*** Opening DATA ***

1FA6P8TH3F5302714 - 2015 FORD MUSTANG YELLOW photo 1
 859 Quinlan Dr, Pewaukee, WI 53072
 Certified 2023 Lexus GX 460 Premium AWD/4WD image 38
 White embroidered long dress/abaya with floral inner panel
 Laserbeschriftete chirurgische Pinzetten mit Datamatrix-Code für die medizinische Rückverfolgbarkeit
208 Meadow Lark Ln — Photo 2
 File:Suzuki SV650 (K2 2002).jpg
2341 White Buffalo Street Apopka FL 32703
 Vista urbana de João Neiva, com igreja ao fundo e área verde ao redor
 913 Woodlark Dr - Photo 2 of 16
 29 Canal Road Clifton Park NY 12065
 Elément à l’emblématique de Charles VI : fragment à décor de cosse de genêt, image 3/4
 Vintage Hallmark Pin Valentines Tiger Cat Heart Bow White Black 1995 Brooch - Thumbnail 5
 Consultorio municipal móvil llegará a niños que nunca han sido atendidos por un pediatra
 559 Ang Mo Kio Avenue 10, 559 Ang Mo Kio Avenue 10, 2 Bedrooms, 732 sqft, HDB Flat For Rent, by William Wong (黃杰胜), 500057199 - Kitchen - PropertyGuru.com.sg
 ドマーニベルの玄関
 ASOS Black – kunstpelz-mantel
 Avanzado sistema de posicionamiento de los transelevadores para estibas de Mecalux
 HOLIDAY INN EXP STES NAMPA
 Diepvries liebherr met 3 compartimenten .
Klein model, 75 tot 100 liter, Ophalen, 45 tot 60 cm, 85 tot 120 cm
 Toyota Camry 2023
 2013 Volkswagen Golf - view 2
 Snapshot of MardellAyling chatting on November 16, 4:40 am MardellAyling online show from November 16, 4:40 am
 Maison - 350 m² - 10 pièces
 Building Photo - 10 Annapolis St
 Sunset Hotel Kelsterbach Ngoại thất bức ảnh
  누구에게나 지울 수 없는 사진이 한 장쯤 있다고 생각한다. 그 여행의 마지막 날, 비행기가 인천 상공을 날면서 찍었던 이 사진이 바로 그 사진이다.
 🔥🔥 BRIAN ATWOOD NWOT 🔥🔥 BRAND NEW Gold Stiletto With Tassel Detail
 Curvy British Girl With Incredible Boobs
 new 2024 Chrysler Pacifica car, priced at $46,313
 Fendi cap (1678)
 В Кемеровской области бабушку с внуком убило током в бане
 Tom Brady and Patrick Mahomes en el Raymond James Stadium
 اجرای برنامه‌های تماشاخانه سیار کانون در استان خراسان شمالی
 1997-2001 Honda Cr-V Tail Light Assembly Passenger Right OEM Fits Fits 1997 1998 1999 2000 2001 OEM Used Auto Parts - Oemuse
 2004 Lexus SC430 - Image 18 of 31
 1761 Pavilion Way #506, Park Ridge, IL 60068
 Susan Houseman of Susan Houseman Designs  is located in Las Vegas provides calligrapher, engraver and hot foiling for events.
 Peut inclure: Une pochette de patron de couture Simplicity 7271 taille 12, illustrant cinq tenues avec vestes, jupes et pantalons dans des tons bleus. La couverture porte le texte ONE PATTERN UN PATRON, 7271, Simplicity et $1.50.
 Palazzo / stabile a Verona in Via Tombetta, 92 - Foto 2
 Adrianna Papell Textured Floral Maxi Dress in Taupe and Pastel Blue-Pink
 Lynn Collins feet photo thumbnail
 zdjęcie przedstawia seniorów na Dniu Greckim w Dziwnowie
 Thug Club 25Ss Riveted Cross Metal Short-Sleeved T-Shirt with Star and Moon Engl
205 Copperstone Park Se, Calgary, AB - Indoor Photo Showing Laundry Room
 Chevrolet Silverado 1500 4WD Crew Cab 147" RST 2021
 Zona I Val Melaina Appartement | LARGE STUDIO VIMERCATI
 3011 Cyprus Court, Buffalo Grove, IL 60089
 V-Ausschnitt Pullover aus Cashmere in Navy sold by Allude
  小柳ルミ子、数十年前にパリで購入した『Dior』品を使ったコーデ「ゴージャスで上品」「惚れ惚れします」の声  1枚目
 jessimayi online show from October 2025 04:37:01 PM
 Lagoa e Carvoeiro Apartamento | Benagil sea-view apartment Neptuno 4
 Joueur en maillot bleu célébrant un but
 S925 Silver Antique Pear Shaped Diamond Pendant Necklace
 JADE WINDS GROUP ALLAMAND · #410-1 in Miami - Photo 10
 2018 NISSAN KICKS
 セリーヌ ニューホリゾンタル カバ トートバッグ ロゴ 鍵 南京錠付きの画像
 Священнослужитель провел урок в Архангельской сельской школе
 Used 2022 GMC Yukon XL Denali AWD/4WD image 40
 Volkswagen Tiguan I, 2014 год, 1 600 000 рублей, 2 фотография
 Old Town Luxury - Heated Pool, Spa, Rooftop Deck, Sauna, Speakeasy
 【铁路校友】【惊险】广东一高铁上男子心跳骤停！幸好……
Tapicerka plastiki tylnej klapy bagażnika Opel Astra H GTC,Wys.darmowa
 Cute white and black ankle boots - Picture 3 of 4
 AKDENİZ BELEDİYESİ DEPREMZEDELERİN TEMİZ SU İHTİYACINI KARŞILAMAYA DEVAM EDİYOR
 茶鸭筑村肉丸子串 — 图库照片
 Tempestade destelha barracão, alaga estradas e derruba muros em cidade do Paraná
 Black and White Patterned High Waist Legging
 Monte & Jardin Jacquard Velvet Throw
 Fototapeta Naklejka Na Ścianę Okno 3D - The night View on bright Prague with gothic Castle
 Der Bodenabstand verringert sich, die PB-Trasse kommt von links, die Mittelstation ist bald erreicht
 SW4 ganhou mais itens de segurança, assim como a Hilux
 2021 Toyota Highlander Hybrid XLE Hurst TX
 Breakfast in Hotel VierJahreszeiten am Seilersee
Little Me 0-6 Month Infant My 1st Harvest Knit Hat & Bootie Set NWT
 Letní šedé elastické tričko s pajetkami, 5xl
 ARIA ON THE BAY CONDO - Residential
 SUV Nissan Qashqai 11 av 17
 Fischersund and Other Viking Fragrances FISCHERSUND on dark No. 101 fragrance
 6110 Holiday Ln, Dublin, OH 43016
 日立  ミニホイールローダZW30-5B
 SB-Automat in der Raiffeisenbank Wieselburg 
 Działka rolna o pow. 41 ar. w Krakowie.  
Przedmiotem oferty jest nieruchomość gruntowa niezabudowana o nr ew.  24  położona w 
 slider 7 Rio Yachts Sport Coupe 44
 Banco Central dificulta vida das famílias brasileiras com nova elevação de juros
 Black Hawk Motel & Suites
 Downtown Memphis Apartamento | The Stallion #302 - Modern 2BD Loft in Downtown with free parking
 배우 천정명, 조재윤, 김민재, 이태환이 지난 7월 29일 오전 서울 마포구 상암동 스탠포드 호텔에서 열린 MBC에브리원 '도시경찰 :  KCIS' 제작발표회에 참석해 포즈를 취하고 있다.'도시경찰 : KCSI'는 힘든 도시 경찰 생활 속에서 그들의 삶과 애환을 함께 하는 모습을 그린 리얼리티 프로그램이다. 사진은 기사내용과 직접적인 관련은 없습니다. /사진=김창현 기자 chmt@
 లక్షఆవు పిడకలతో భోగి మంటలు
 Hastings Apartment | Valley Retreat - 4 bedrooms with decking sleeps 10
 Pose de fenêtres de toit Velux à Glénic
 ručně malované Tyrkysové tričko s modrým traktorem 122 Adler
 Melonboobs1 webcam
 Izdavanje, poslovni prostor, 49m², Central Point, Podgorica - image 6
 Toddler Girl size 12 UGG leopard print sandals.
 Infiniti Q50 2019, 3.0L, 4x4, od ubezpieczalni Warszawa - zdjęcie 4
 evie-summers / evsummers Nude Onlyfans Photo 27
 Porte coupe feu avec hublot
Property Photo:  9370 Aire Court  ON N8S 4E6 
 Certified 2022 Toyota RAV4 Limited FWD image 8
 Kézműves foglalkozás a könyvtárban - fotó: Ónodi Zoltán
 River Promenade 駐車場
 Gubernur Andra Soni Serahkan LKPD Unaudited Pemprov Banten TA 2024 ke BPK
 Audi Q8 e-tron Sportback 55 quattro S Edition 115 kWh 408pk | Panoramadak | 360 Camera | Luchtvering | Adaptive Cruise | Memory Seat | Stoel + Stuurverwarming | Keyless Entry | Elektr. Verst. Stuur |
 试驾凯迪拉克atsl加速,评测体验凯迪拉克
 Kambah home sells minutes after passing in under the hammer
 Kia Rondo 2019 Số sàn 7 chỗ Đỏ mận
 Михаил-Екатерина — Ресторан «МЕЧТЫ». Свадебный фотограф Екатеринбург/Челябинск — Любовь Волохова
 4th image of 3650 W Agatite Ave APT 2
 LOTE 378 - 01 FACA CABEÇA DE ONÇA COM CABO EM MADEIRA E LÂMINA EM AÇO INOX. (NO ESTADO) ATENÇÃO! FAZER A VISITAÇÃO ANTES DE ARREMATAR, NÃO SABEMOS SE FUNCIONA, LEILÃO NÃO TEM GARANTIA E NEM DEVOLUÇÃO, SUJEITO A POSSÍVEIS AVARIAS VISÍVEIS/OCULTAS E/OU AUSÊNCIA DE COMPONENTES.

*** Closing DATA ***

# [TASK BRIEF]
If a line in the listing above contains the word "Certified", include it in your count, then give only the final number.

# [RESULT OF THIS EXERCISE]
2